_Records from a data source_:

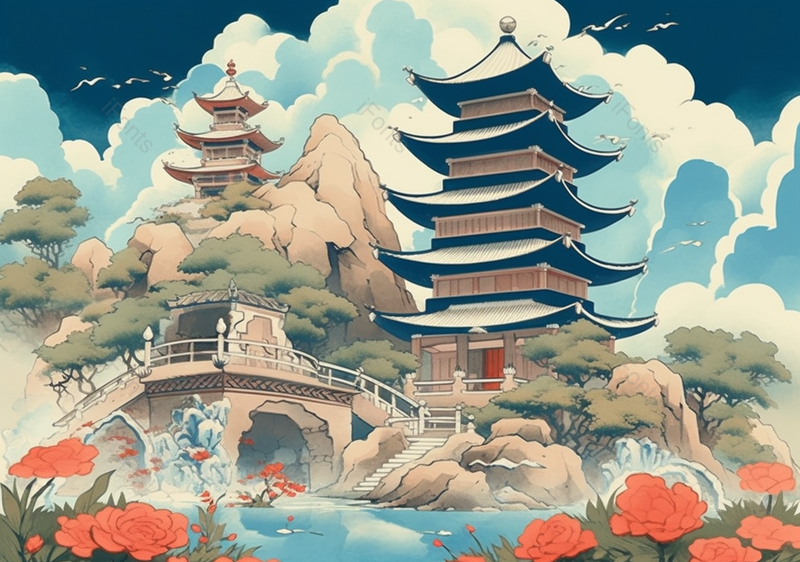 蓝色手绘国潮风宫殿中式建筑背景,插画/手绘图,插画/手绘图库,插画/手绘图下载,插画/手绘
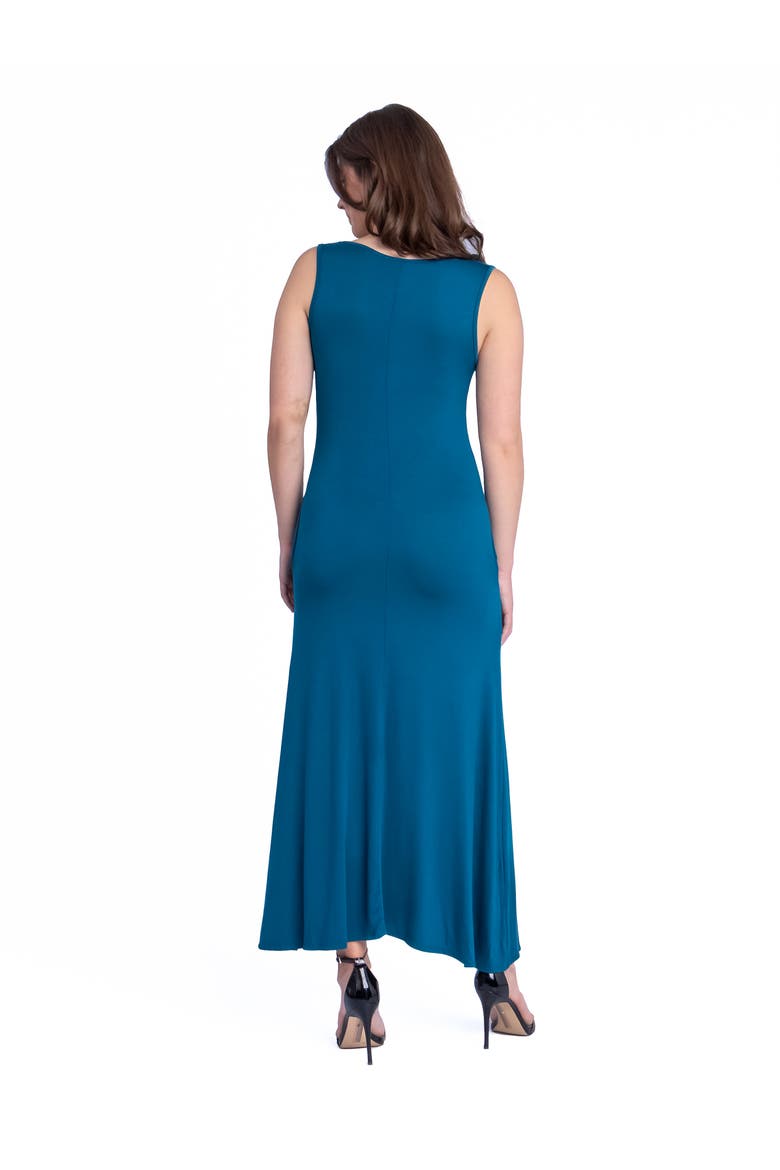 Scoop Neck Sleeveless Maxi Dress with Pockets, Alternate, color, Teal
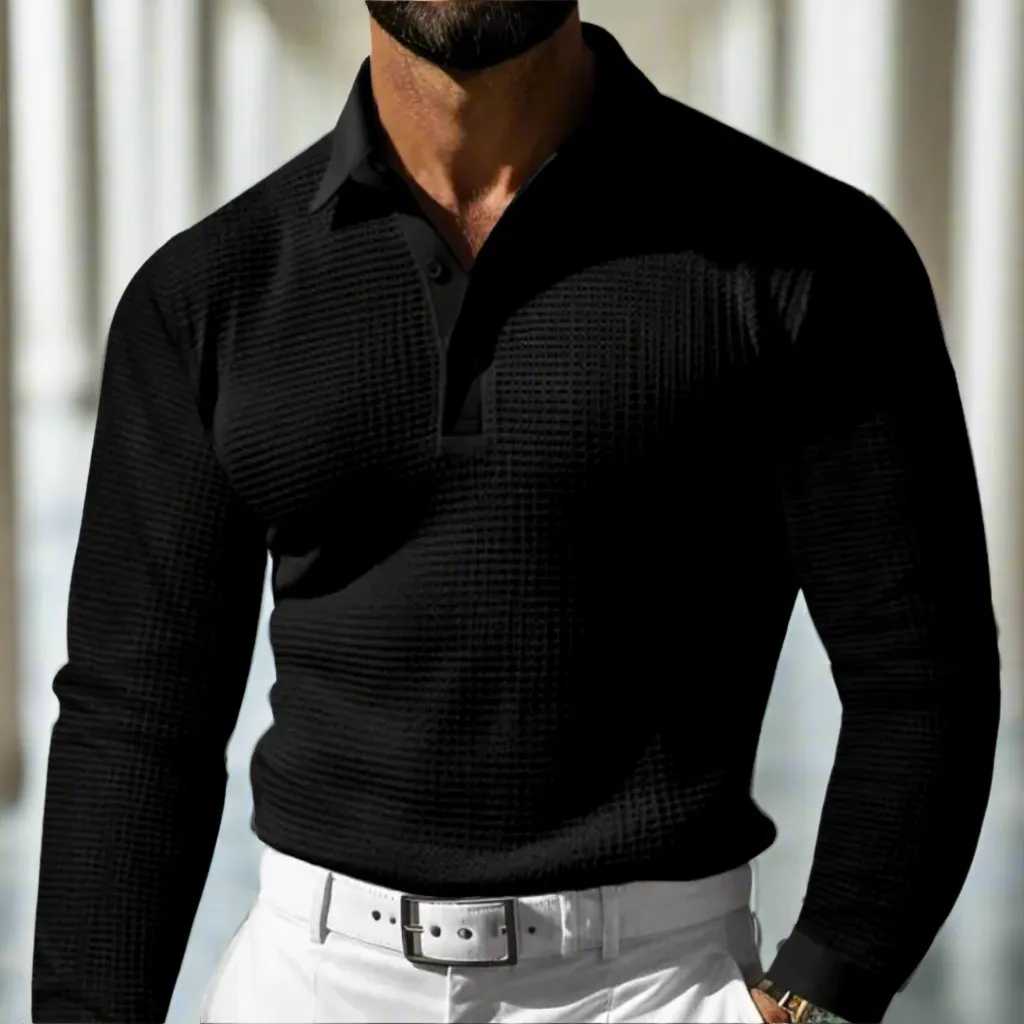Kennedy™ | Textured Fabric Muscle Fit Polo Sweater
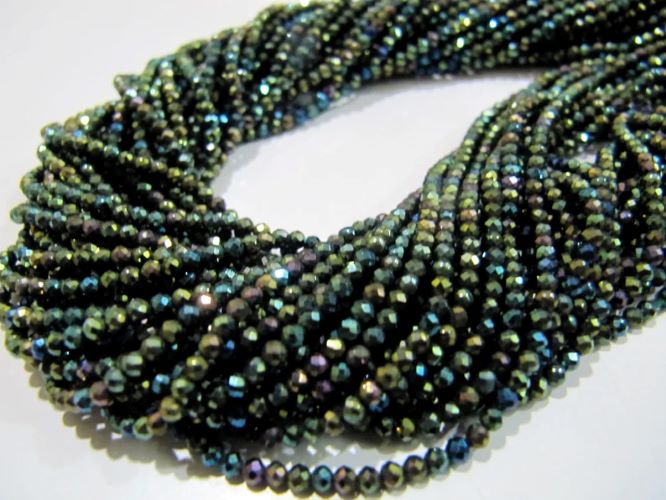 Black Spinel Beads 3mm Rondelle Faceted Strand 13 Inch Long - Beads Material: Stone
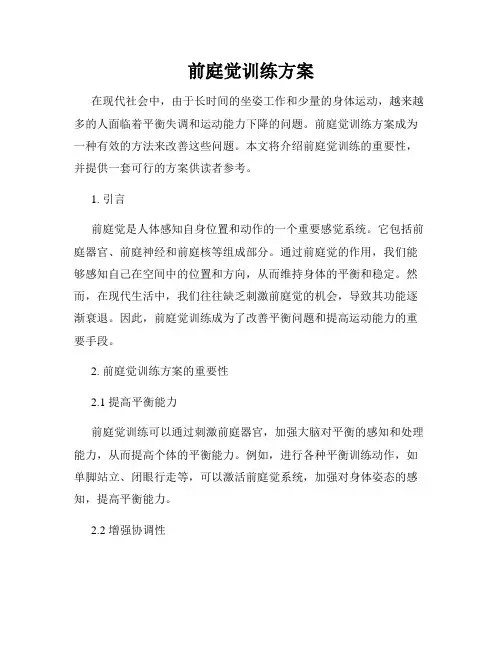 前庭觉训练方案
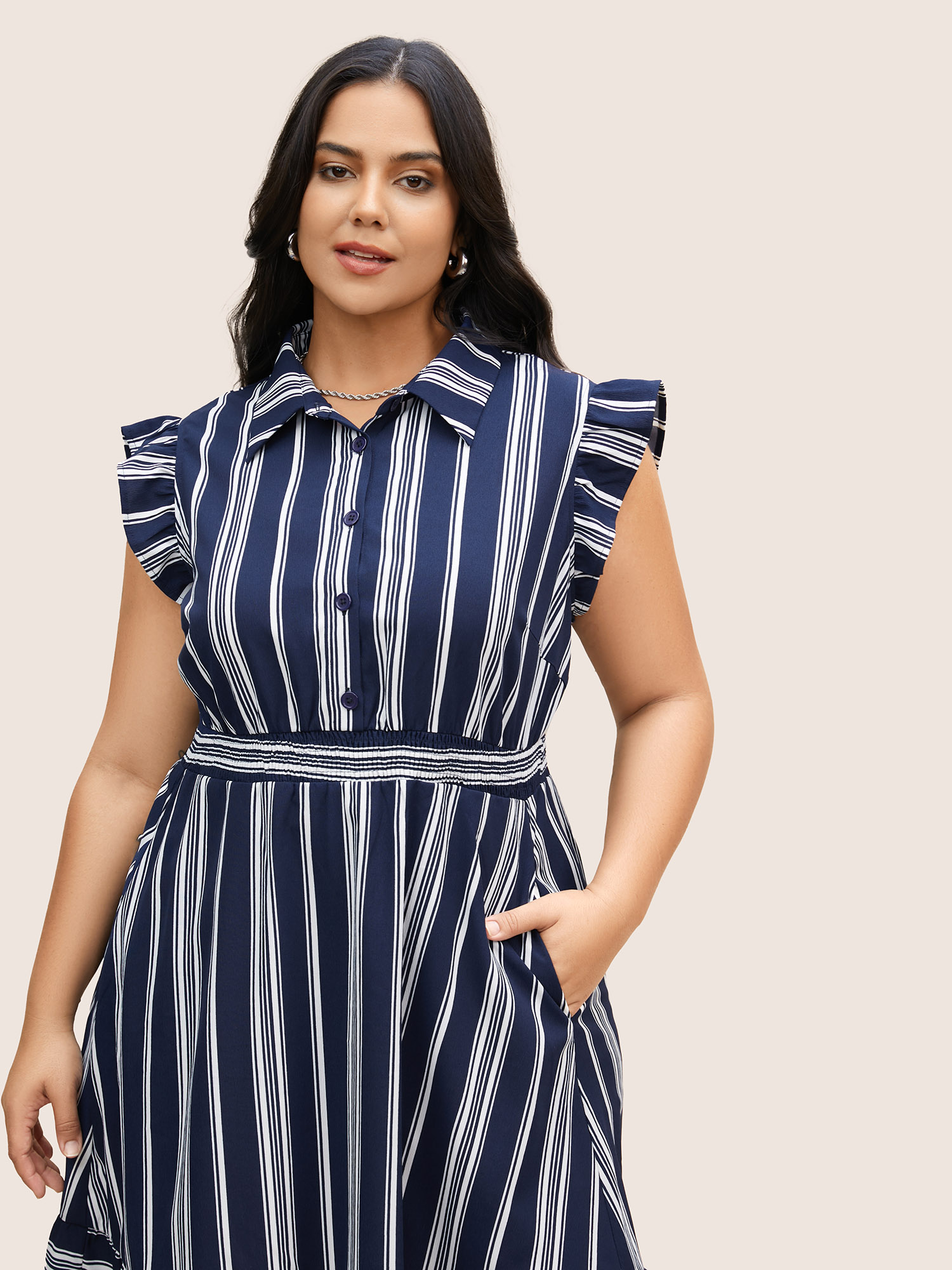 Plus Size Shirt Collar Striped Ruffle Cap Sleeve Dress Navy Women Shirt collar Cap Sleeve Curvy BloomChic 10/M 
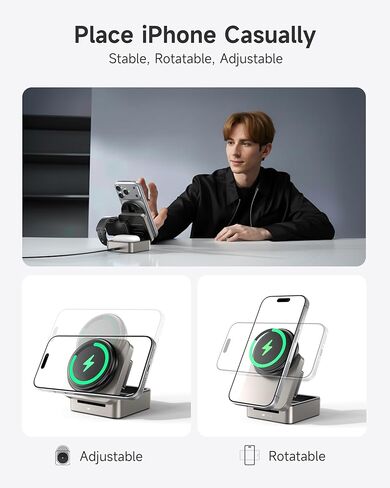 3-in-1 Wireless Charging Station for Apple, Qi2 Certified 15W Foldable Mag-Safe Travel Charger Stand Wireless Charger Dock for iPhone 17/16/15/14/13/12, Apple Watch & AirPods (30W Adapter Included) in Saudi Arabia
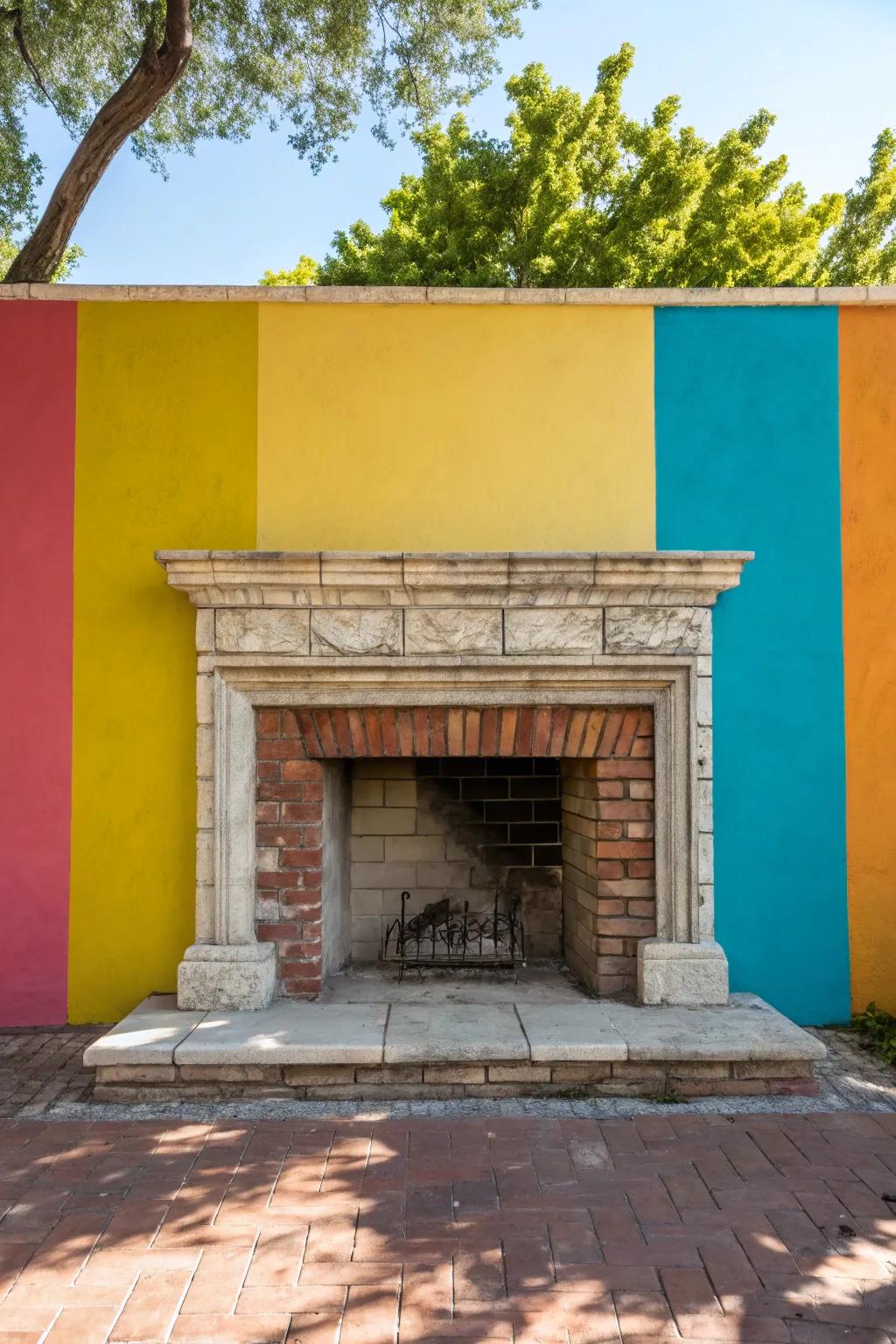 Add a pop of colour with a painted backdrop in your fireplace.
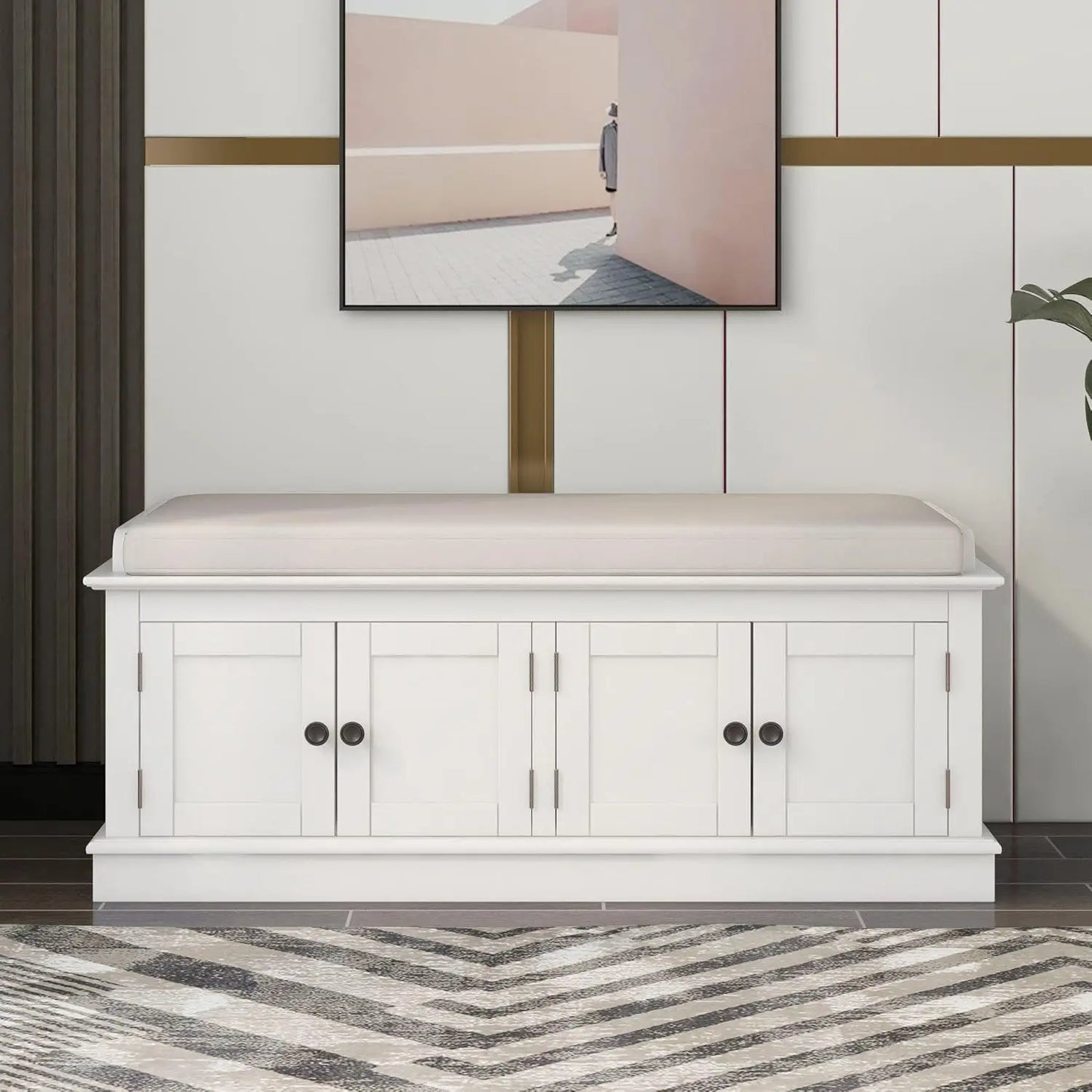 Rustic Storage Bench with 4 Doors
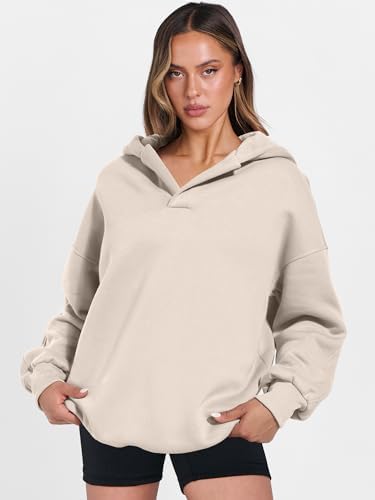 Teen Girls Preppy V-Neck Hoodie - Oversized Long Sleeve Pullover Fall Fashion - Picture 22 of 127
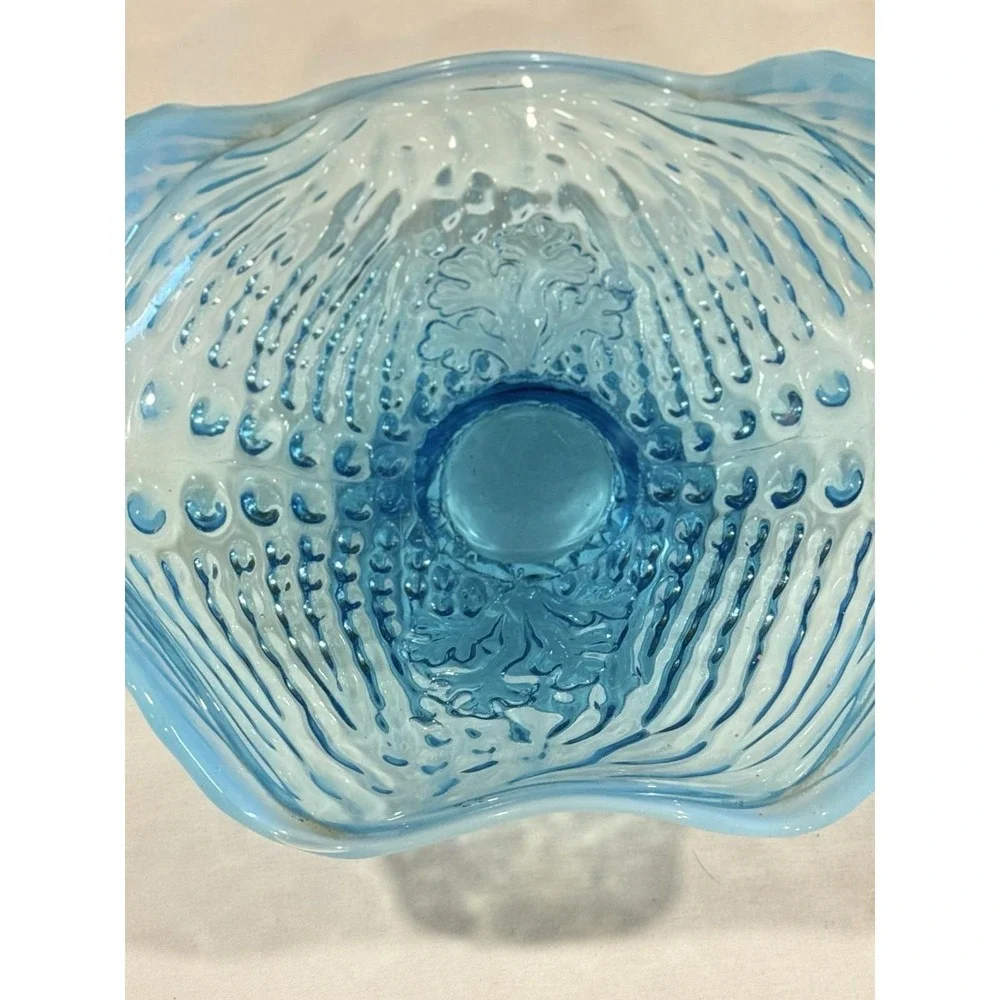Antique Northwood Argonaut Shell Nautilus Blue Opalescent Ruffled Bowl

_YOUR INSTRUCTIONS_: Pictures aside, write out all of the records exactly.

_EXPECTED ANSWER_:
 蓝色手绘国潮风宫殿中式建筑背景,插画/手绘图,插画/手绘图库,插画/手绘图下载,插画/手绘
 Scoop Neck Sleeveless Maxi Dress with Pockets, Alternate, color, Teal
Kennedy™ | Textured Fabric Muscle Fit Polo Sweater
 Black Spinel Beads 3mm Rondelle Faceted Strand 13 Inch Long - Beads Material: Stone
 前庭觉训练方案
 Plus Size Shirt Collar Striped Ruffle Cap Sleeve Dress Navy Women Shirt collar Cap Sleeve Curvy BloomChic 10/M 
 3-in-1 Wireless Charging Station for Apple, Qi2 Certified 15W Foldable Mag-Safe Travel Charger Stand Wireless Charger Dock for iPhone 17/16/15/14/13/12, Apple Watch & AirPods (30W Adapter Included) in Saudi Arabia
 Add a pop of colour with a painted backdrop in your fireplace.
 Rustic Storage Bench with 4 Doors
 Teen Girls Preppy V-Neck Hoodie - Oversized Long Sleeve Pullover Fall Fashion - Picture 22 of 127
Antique Northwood Argonaut Shell Nautilus Blue Opalescent Ruffled Bowl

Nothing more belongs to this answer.